Rent-a-cops hired to guard the site of a Wisconsin mining operation have begun stalking the woods around the mine in balaclavas and camouflage fatigues, all while armed with semi-automatic rifles, and an extra handgun holstered at the hip, just in case. Meet the security guards of the future!
The average person might think Gogebic Taconite had gone overboard when it made the decision to hire an armed squadron from "Bulletproof Securities" to guard its iron mine, whose proximity to Lake Superior has made it the subject of a great controversy. But the truth is you never know what kind of firepower you're going to need in the dangerous forests of Wisconsin. Bulletproof hires ex-soldiers and police officers; its website reads: "We train daily because threats can change daily." The threat, in this case, appears to be some environmental protesters, who are probably carrying very threatening anti-mining signs.

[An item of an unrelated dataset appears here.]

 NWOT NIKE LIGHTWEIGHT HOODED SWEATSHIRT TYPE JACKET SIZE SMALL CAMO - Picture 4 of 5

State Sen. Bob Jauch, D-Poplar, and Rep. Janet Bewley, D-Ashland, on Monday sent a letter to Gogebic Taconite President Bill Williams, calling on him to immediately remove "the heavily armed masked commando security unit recently hired to protect the company’s property in the Penokee Hills."
The lawmakers called the photos “horrifying” and the action by the company to hire the high-security Arizona firm “appalling.”

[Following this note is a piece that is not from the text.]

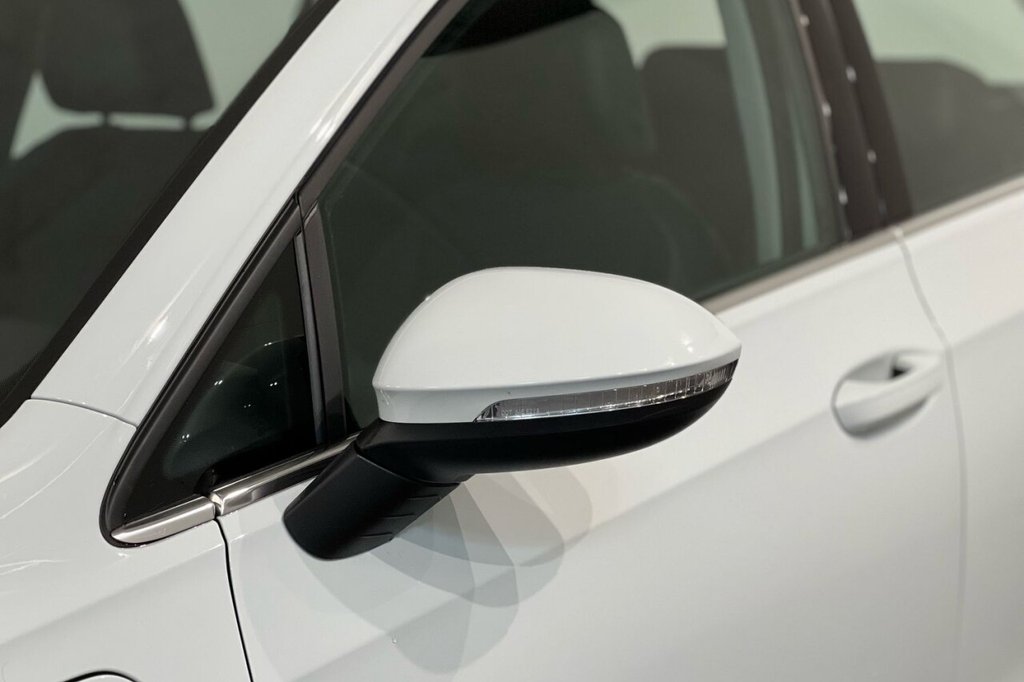 Used Volkswagen Golf 2024 for sale - 76582729: Photo 17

“These kinds of security forces are common in Third World countries but they don’t belong in northern Wisconsin,” Jauch and Bewley said in a press release.

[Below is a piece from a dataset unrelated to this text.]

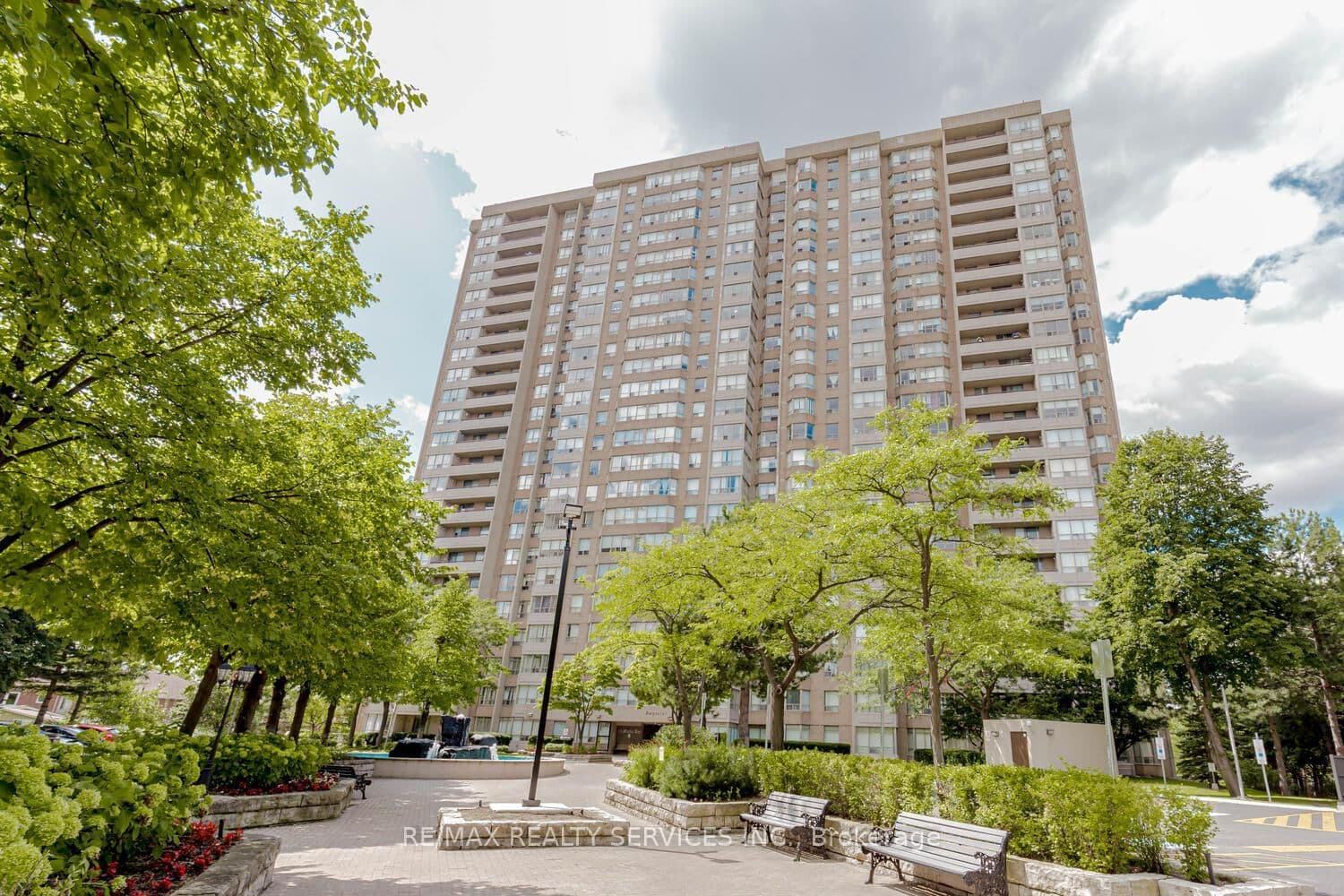 #308 - 30 Malta Avenue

This is just the latest chapter in the battle over the Gogebic Taconite mine. Prior to the subject of the commandos, Democratic legislators, Wisconsin Native-American groups, and environmental activists all opposed drilling the mine for fear of spoiling the nature surrounding it. But state Republicans pushed through the project, arguing it would be good for jobs. And look at that: It's already put to work an out-of-state security team.
A Gogebic Taconite spokesperson told the Duluth News Tribune that the mine requires heavily armed security due to the fact that mine employees have encountered several mine opponents on the grounds in the past month. Reports the Tribune: "One woman was charged after an altercation over a camera."
A woman having an altercation about a camera. That sounds scary. The semi-automatic rifles make perfect sense now.